Abstract

Hypernatremia is an increase in serum sodium concentration above 145 mmol/L. There are many causes of elevated sodium levels in the blood serum. One is incorrect actions performed by medical staff. The symptoms of excessively high serum sodium levels depend on the severity of hypernatremia, the rate of its increase and the accompanying volume disorders. Severe symptoms include altered consciousness, increased muscle tone and reflexes, convulsions, psychomotor hyperactivity or drowsiness (up to coma), respiratory failure, and even death. We present the case of a 45-year-old man who took seven tablets of a blood pressure-lowering drug, and paramedics subsequently administered a concentrated solution of table salt to induce vomiting. However, vomiting did not occur, leading to hypernatremia.
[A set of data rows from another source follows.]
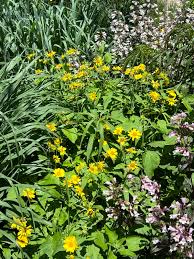 Image result for Verbesina encelioides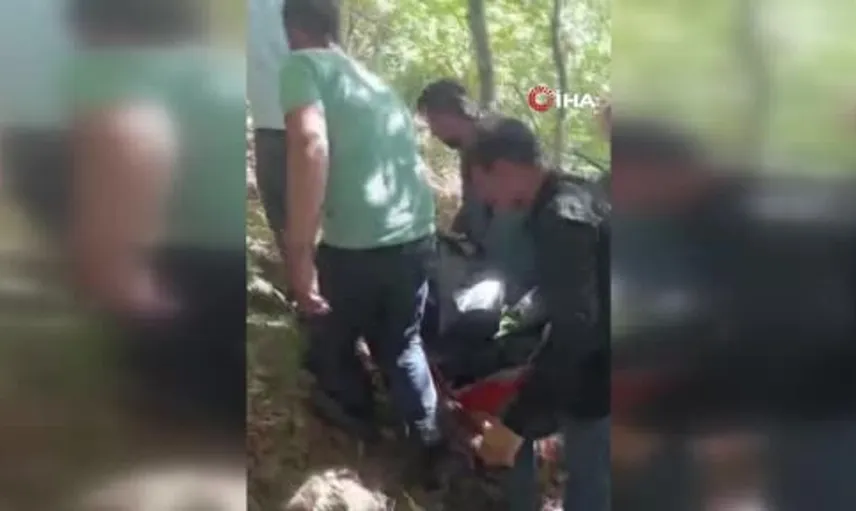 Samsun'da koyunlarını otlatmaya giden kişi ormanda ölü bulundu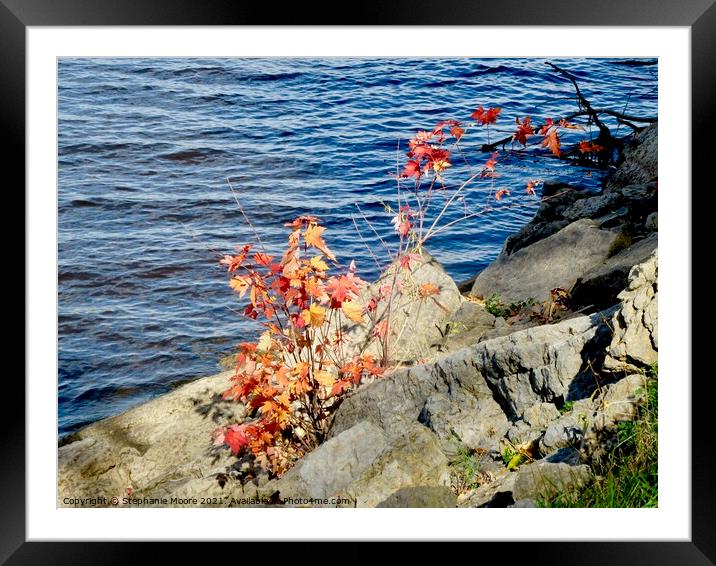 Plant in the rocks Framed Mounted Print by Stephanie Moore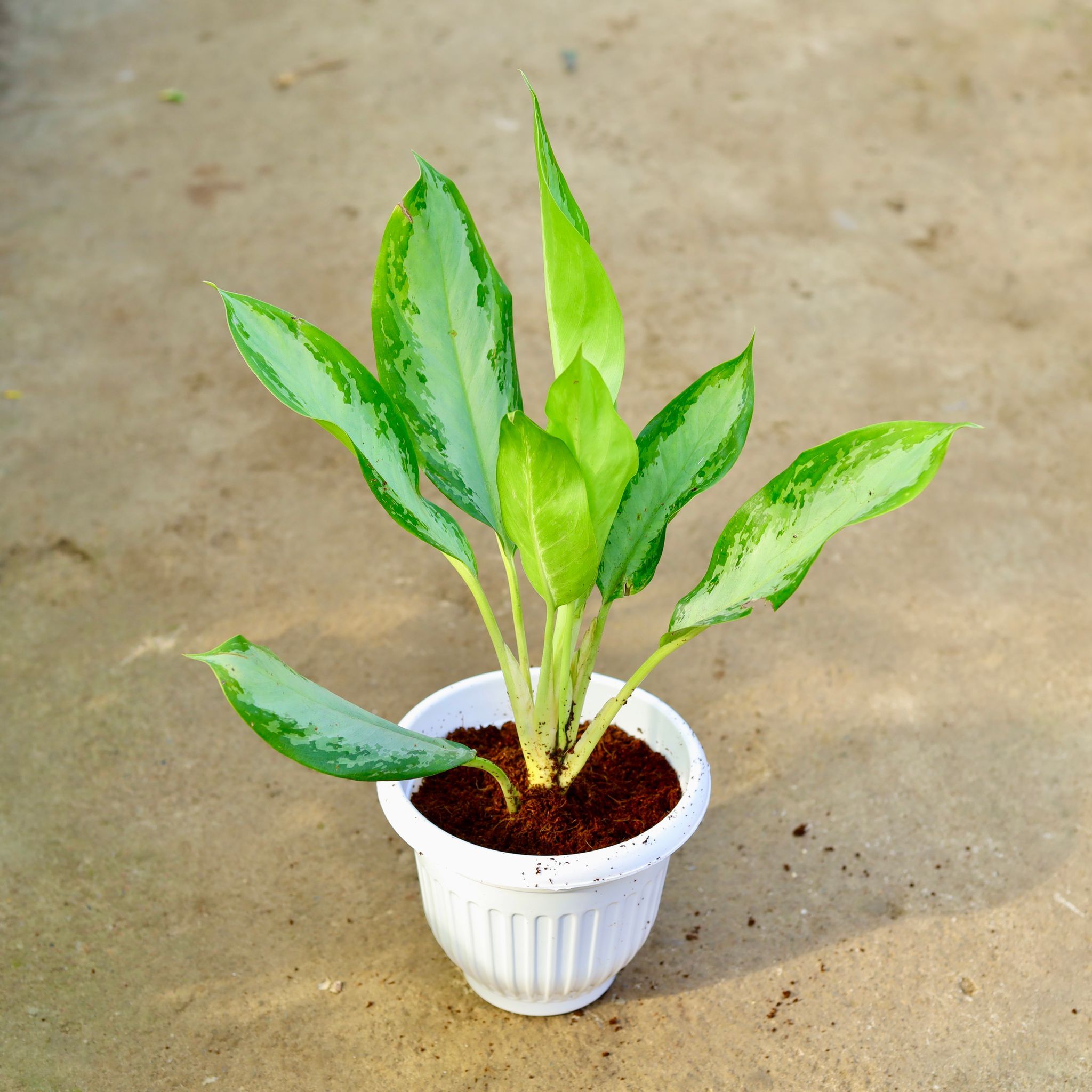 Aglaonema Broad Leaf in 8 Inch White Olive Plastic Pot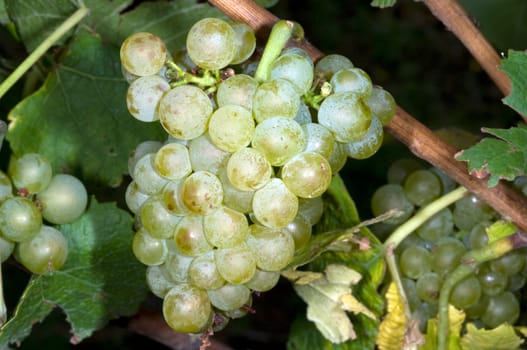 Weissburgunder,Weisswein,Weisse,Grapes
Ultimately, the man survived but developed persistent cognitive dysfunction, including disordered short-term memory and encoding and retrieval of information from long-term memory, weakening of attention function and fatigue, and disorders in abstract thinking. The patient's family went to the prosecutor's office to investigate the possibility of medical malpractice. Experts found that the paramedics' actions were incorrect. Although it has been known for many years that table salt solutions should not be used to induce vomiting, unfortunately, both laypeople and medical professionals are still using this technique. Iatrogenic salt poisoning may end not only in serious health complications but also in legal consequences.